Hello and welcome to week 2 of Creative Summer!!
This week we are working on building our creative habit as we talked about in the last post. It sometimes takes sacrifice and some serious determination to be there for your creativity, as you know. Little by little we let it become part of our everyday lives until it’s just something we do without much effort or planning. It hopefully will even become a necessity for finding your inner peace.
So as we work on showing up and learning to increase our creative expression, I want to give you ideas to play with every week while you are work. This week it’s patterns and textures.

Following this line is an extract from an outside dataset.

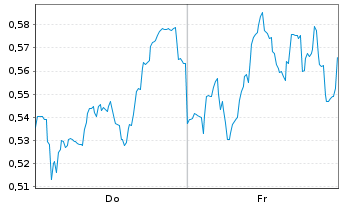 Chart Mini Future Short Orsted - 1 Woche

Patterns and textures bring interest, variation, expression, cohesion, and beauty to your work. There is so much to be done with both of them. They are endless points of creativity.
What are patterns?
Patterns are repeating elements in some form. You can be flexible with the definition, if you like. I certainly am.
They can be made of lines for example, or motifs that you repeat through a work, or say a repeating pattern of dots forming a background, for example. You can play around with doodles and sketchbook practices and make pages that are only repeating patterns. This gives you the opportunity to build your knowledge and create a library of your own patterns that you can use elsewhere.
You could scan and print out your patterned papers and use them as collage material, or take the individual elements and make a repeating pattern digitally that could be for fabrics or other printed merchandise, for example.
You can challenge yourself to make a whole book of patterns to develop your style and follow where it leads you.
As you work on your own pattern libraries, take time to look around you and notice objects that are made of repeating elements. Leaves, flowers, houses. walls and floors. What do you see?
What about textures?
In a way they are a type of pattern, but they aren’t necessarily regular. They add interest, variation, and expression as well. They enrich and deepen your work. They take plain areas and make them lively. I like to think of them as surface treatments on your artistic elements. Despite the “surface” nature of texture, as already said, they add much depth.
They can be literal textures like using various plasters or collages materials in your art. Or if you do written or musical work, they might be thought of as adding descriptions and emotion to something.
If you aren’t sure where to start, try taking a piece of bark and look at what gives it texture. The grooves, the lines, the bumpiness or smoothness, the variation in color too. Take these ideas and play around, practice them.
If you are writing, think of a character, and what you could add to make them more textured, less of a blank vassal. Everyone has something about them both their outer form and their inner self that makes them into an interesting and perhaps conflicted person. What are those things that create a textured character?
Here are a few examples from my own works where I play with pattern and texture:
In the above robin drawing, the feathers and the moss are textures that I worked on creating using various marks.
Above I used color and repeating patterns to create the feeling of meadow flowers.
Pattern practice can be simple and easy! Just play with making simple flowers with your watercolors and see what you come up with!
Have some fun with color and shape!
In summary, patterns and textures offer limitless possibilities for our creative work. They add so much interest, variation and depth. Learning to use them will increase our creative expression and help us develop our own style.
Keep playing and having fun with whatever you are creating! Have a very creative week!!